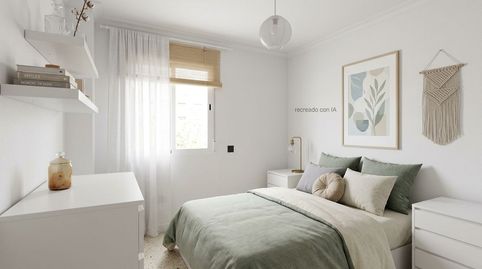 Foto 3 de Apartament en venda a 2 Pesadora, Nueva Alcalá, Alcalá de Guadaira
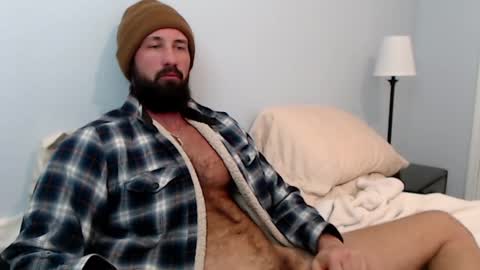 lets go private  im ready to play pvt cum online show from January 19, 4:04 pm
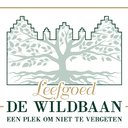 Leefgoed de Wildbaan company logo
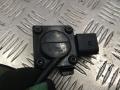 датчик загрязнения воздуха BMW X5 E70 2007, 3.0 л., M57 D30 (306D3), АКПП, внедорожник 5 дв. - фото №3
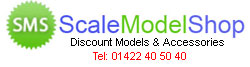 sms-logo.jpg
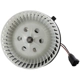 Purchase Top-Quality COOLING DEPOT - 75748 - New Blower Motor With Wheel pa28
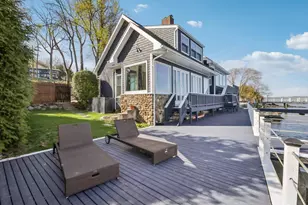 2 Washington Ave, Nyack, NY 10960 - Photo 37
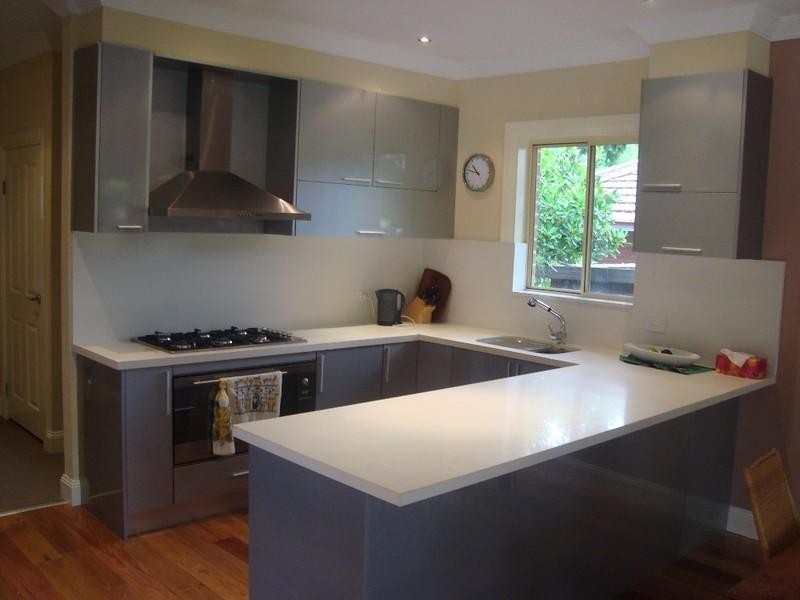 8 Blenheim Road, Carlingford NSW 2118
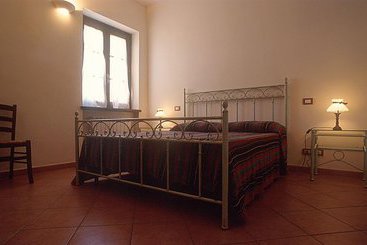 Agriturismo Frattavecchia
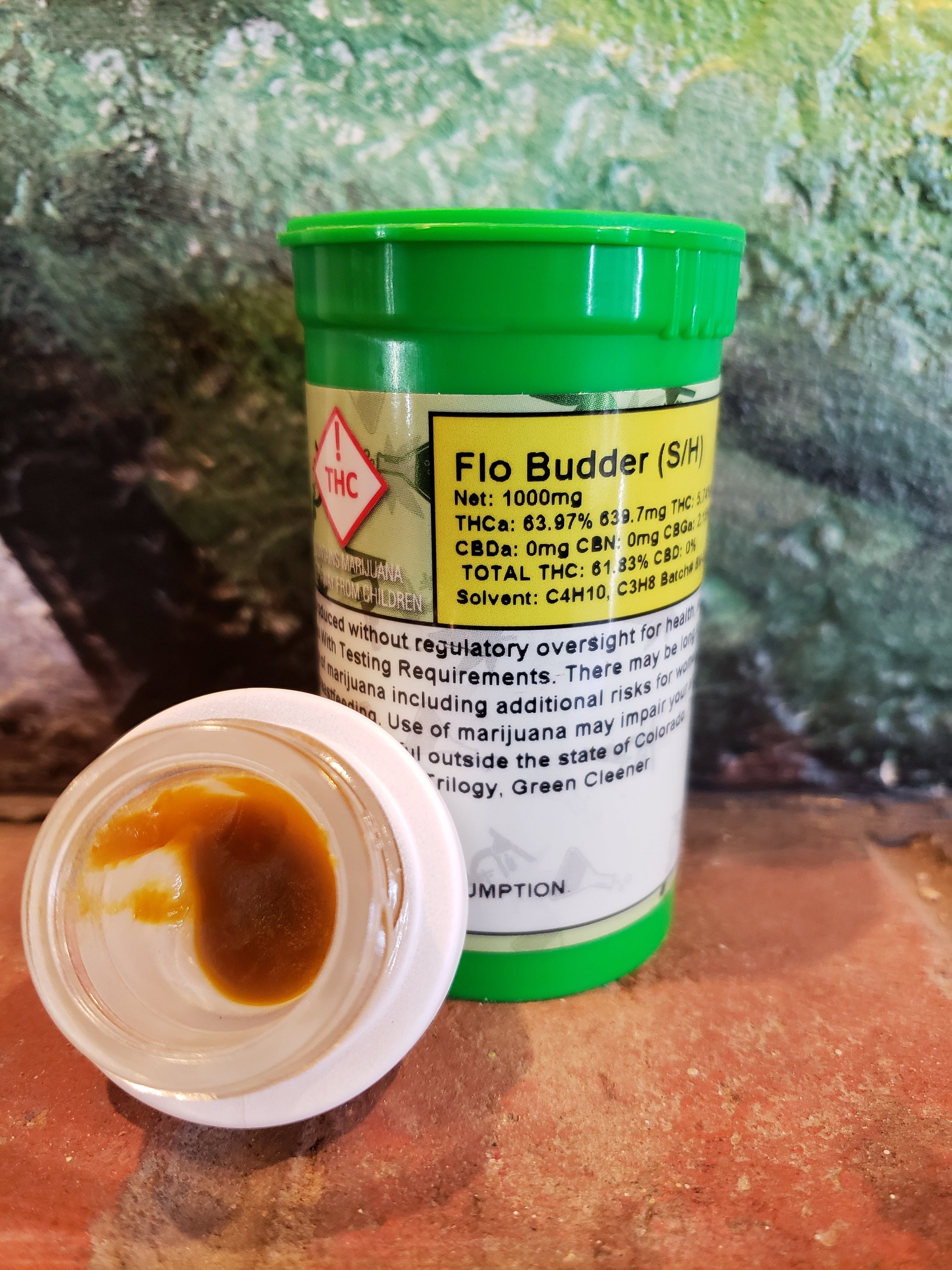 marijuana-dispensaries-466-west-main-st-trinidad-west-edison-flo-budder-1g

ASSIGNMENT >>
Output each line of the listing above, word for word, from the one holding "2 Washington Ave, Nyack, NY 10960 - Photo 37" through the last line, both included; omit the pictures.

WRITTEN ANSWER >>
 2 Washington Ave, Nyack, NY 10960 - Photo 37
 8 Blenheim Road, Carlingford NSW 2118
 Agriturismo Frattavecchia
 marijuana-dispensaries-466-west-main-st-trinidad-west-edison-flo-budder-1g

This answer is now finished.